March 6, 2021 by LPP Reporter

The Senate has passed the nearly $2 trillion COVID-19 relief package, which returns to the U.S. House. (Photo by Giorgio Trovato via Unsplash)

The U.S. Senate passed President Joe Biden’s nearly $2 trillion stimulus plan Saturday afternoon after wrangling over an amendment to trim unemployment benefits derailed the bill’s passage for nearly an entire day.

The Senate version, which does not include a federal minimum wage hike and puts limits on the funding for state and local governments, will now make its way to the House for review. Democrats are rushing to pass the relief package so it reaches the president’s desk before the March 14 deadline for unemployment benefits expire, in order to give states plenty of time to avoid missing those payments.

No Republicans voted for the House bill last week. The bill passed the Senate along party lines, 50-49. A tie-breaking vote from Vice President Kamala Harris was not needed because Sen. Dan Sullivan, R-Alaska, had to leave the Capitol after a family emergency.

“This bill will deliver more help to more people than anything the federal government has done in decades,” Senate Majority Leader Charles Schumer said in a statement on passage of the bill.

Iowa’s Republican senators criticized the bill.

Sen. Joni Ernst speaks during a video her office produced about her tele-town hall on May 20, 2020.

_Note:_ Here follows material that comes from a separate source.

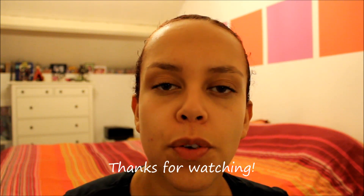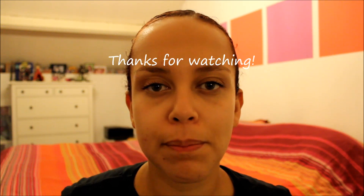So that was the new product that I've bought and I'm trying out, and that was my first impression. Thanks for watching and I'll see you next time — bye!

“Congress has worked together in a bipartisan way to pass five COVID relief bills during this pandemic, but this time was wholly different. The process was partisan from the get-go,” Sen. Joni Ernst sai in a statement. “While I worked to make this bill better for Iowans and all Americans, it was still stuffed full of non-COVID related spending, from partisan pet projects to Democratic Party wish list items—like a slush fund to bail out mismanaged blue states.”

Sen. Chuck Grassley tried and failed to attach disaster relief for Midwest farmers hit by the derecho storm last August. Iowa Rep. Randy Feenstra had attempted the same proposal in the House.

U.S. Sen. Chuck Grassley is a Republican from New Hartford, Iowa.

“I was hoping for a better outcome on the Senate side, but Democrats couldn’t find any room in their massive $1.9 trillion package for Iowa farmers,” Grassley said in a statement. “The one-two punch from COVID-19 and the derecho means these farmers were particularly devastated. I will keep working with Congressman Feenstra to ensure these producers get the assistance they need.”

House Majority Leader Steny Hoyer, D-Md., said in a statement that the House would take up the bill on Tuesday.

The Senate version of the relief package earmarks $10 billion of the $350 billion in aid to states, local governments, territories and tribes to go toward states’ infrastructure projects such as improving broadband access. The Senate also set restrictions on how the money can be used, saying cities and states can’t use it to pay down pension costs or pay for new attempts to cut taxes.

The bill would provide $130 billion toward helping schools reopen, $14 billion for vaccine distribution and billions more for child care through a temporary expansion of the child tax credit. The bill also includes a narrower eligibility for individual stimulus checks of $1,400, where individuals making $80,000 and joint tax filers at $160,000 would be phased out.

The Senate version provides for $300 weekly unemployment benefits — lower than the $400 a week in the House bill — through Sept. 6. It also makes the first $10,200 of unemployment insurance nontaxable for households with incomes under $150,000.

It was the unemployment benefits package that stalled the Senate on Friday. More than 400 amendments were introduced to the Senate version of the bill, but as lawmakers were preparing to vote on the first — Vermont independent Sen. Bernie Sanders’ proposal to increase the federal minimum wage — Sen. Joe Manchin, D-WVa., raised objections to an unemployment amendment.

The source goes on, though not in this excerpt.